* [What you should do]: Repeat everything in the data exactly except images.

* [Material to process]:
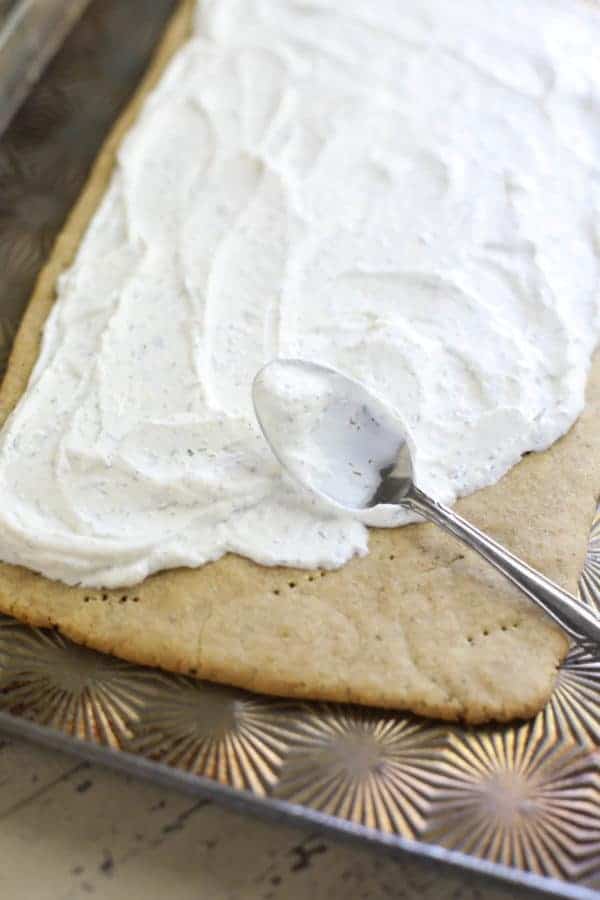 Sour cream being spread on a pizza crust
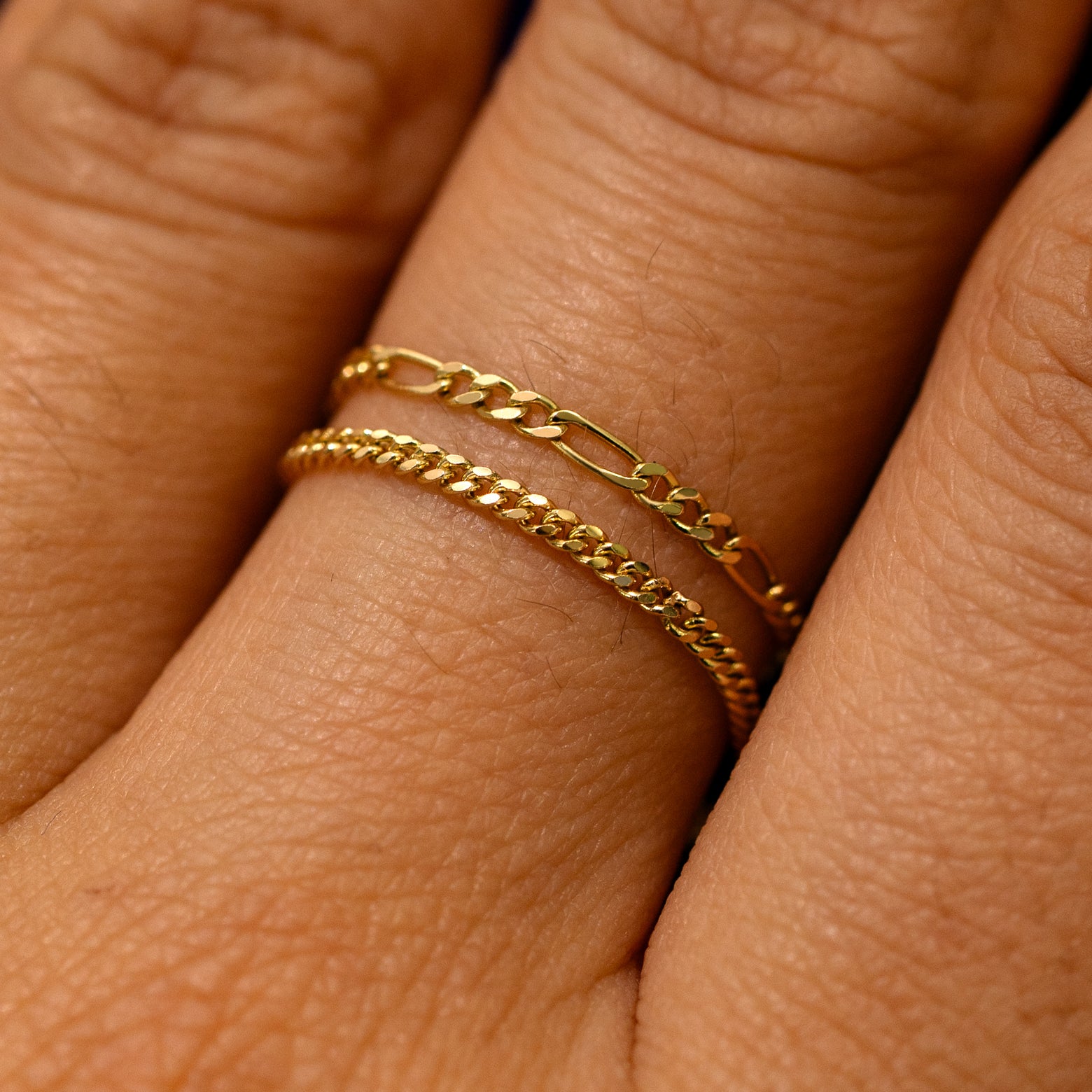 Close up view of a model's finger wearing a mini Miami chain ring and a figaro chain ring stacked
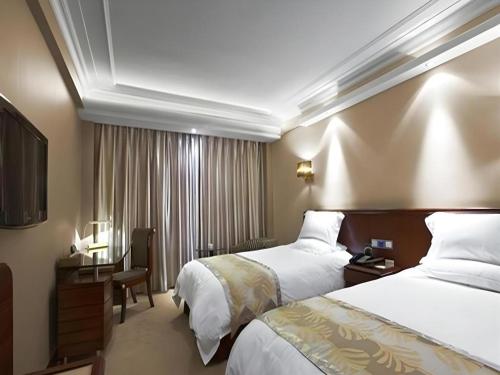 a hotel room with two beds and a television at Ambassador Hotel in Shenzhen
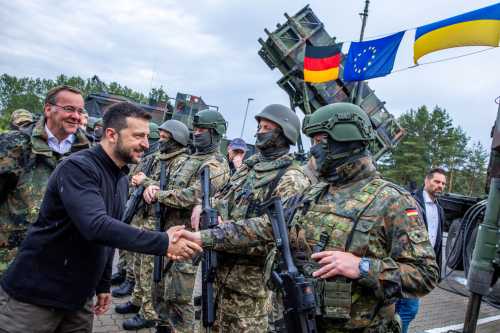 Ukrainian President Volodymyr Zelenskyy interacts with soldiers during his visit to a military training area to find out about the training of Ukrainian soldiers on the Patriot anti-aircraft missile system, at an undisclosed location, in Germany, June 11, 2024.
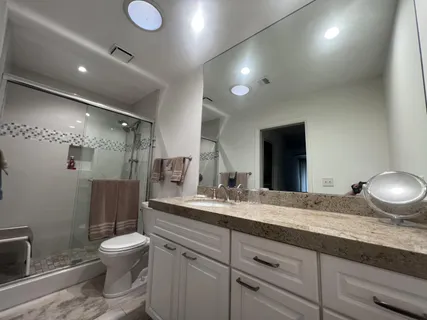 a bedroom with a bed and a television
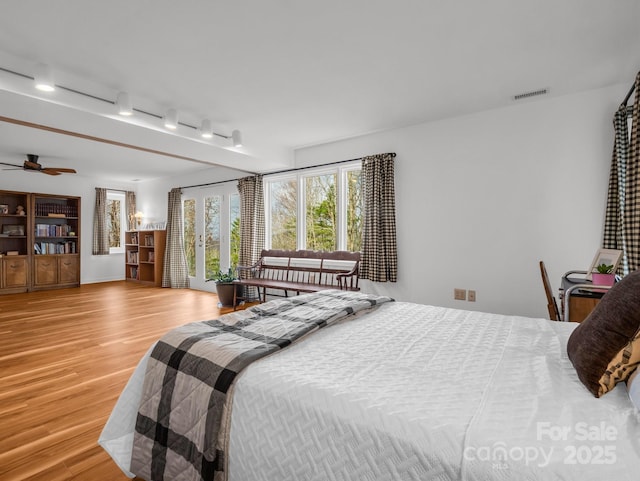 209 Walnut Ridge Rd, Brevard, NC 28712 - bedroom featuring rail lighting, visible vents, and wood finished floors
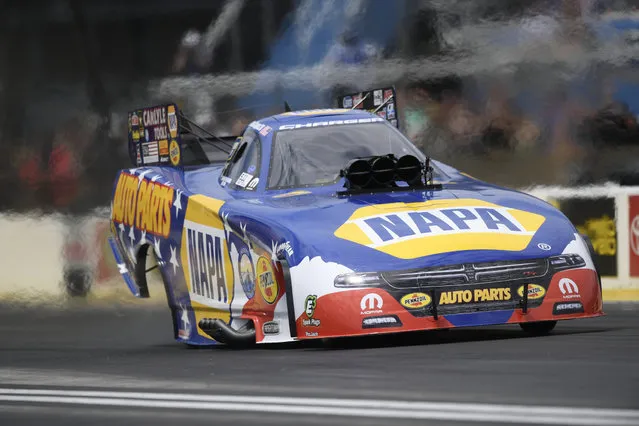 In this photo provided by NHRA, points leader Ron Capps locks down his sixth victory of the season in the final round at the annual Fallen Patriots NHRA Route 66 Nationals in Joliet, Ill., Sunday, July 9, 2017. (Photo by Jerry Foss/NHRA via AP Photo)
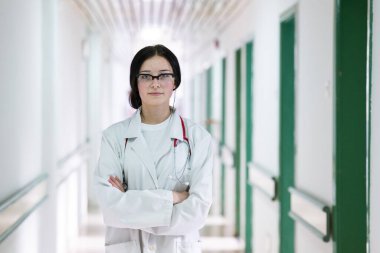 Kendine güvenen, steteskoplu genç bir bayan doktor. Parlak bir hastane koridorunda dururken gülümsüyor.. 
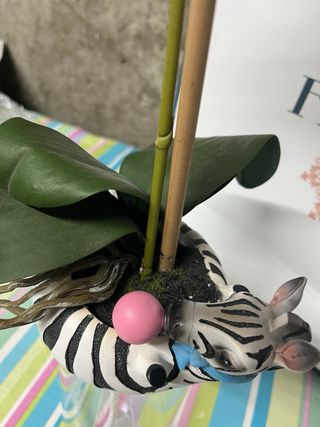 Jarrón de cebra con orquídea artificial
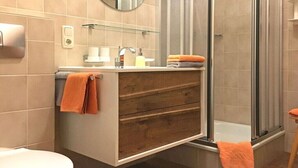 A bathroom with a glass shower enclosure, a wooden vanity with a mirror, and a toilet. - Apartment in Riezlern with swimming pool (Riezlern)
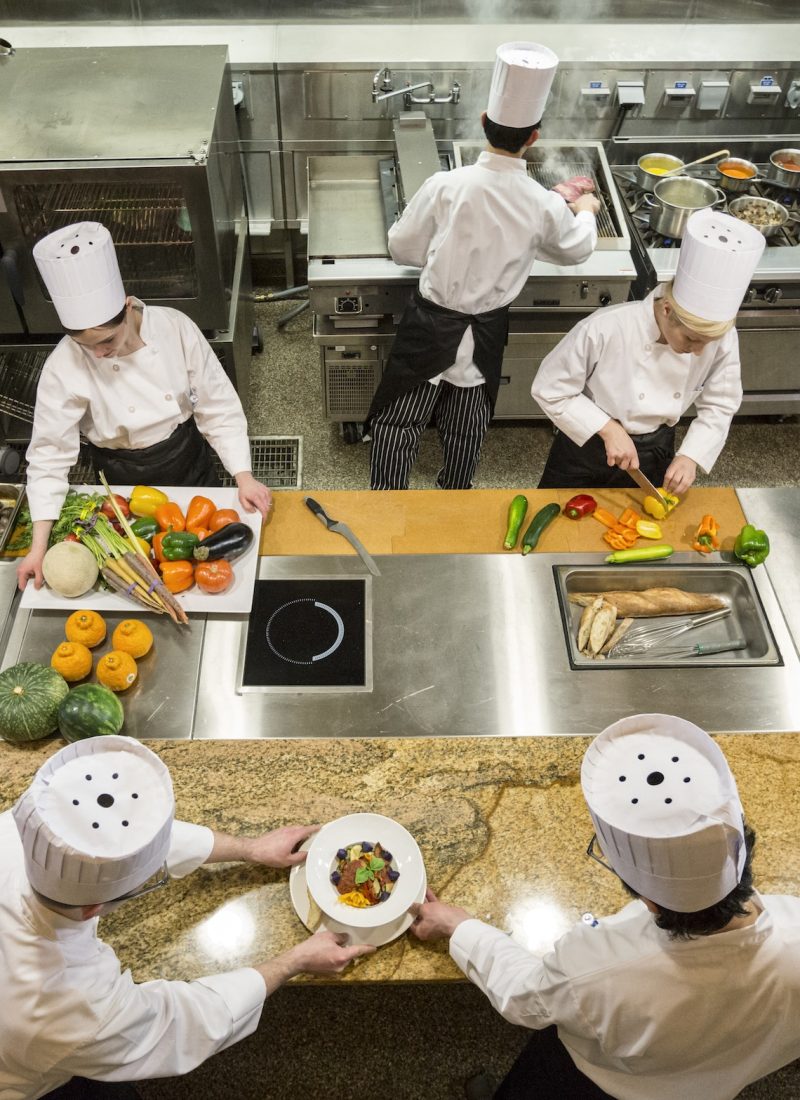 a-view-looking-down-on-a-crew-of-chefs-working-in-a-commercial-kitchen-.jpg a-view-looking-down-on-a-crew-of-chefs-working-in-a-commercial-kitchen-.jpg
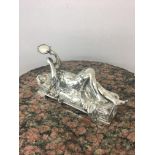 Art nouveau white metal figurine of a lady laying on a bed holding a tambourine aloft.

* [Output for this task]:
 Sour cream being spread on a pizza crust
 Close up view of a model's finger wearing a mini Miami chain ring and a figaro chain ring stacked
 a hotel room with two beds and a television at Ambassador Hotel in Shenzhen
 Ukrainian President Volodymyr Zelenskyy interacts with soldiers during his visit to a military training area to find out about the training of Ukrainian soldiers on the Patriot anti-aircraft missile system, at an undisclosed location, in Germany, June 11, 2024.
 a bedroom with a bed and a television
 209 Walnut Ridge Rd, Brevard, NC 28712 - bedroom featuring rail lighting, visible vents, and wood finished floors
 In this photo provided by NHRA, points leader Ron Capps locks down his sixth victory of the season in the final round at the annual Fallen Patriots NHRA Route 66 Nationals in Joliet, Ill., Sunday, July 9, 2017. (Photo by Jerry Foss/NHRA via AP Photo)
 Kendine güvenen, steteskoplu genç bir bayan doktor. Parlak bir hastane koridorunda dururken gülümsüyor.. 
 Jarrón de cebra con orquídea artificial
 A bathroom with a glass shower enclosure, a wooden vanity with a mirror, and a toilet. - Apartment in Riezlern with swimming pool (Riezlern)
 a-view-looking-down-on-a-crew-of-chefs-working-in-a-commercial-kitchen-.jpg a-view-looking-down-on-a-crew-of-chefs-working-in-a-commercial-kitchen-.jpg
 Art nouveau white metal figurine of a lady laying on a bed holding a tambourine aloft.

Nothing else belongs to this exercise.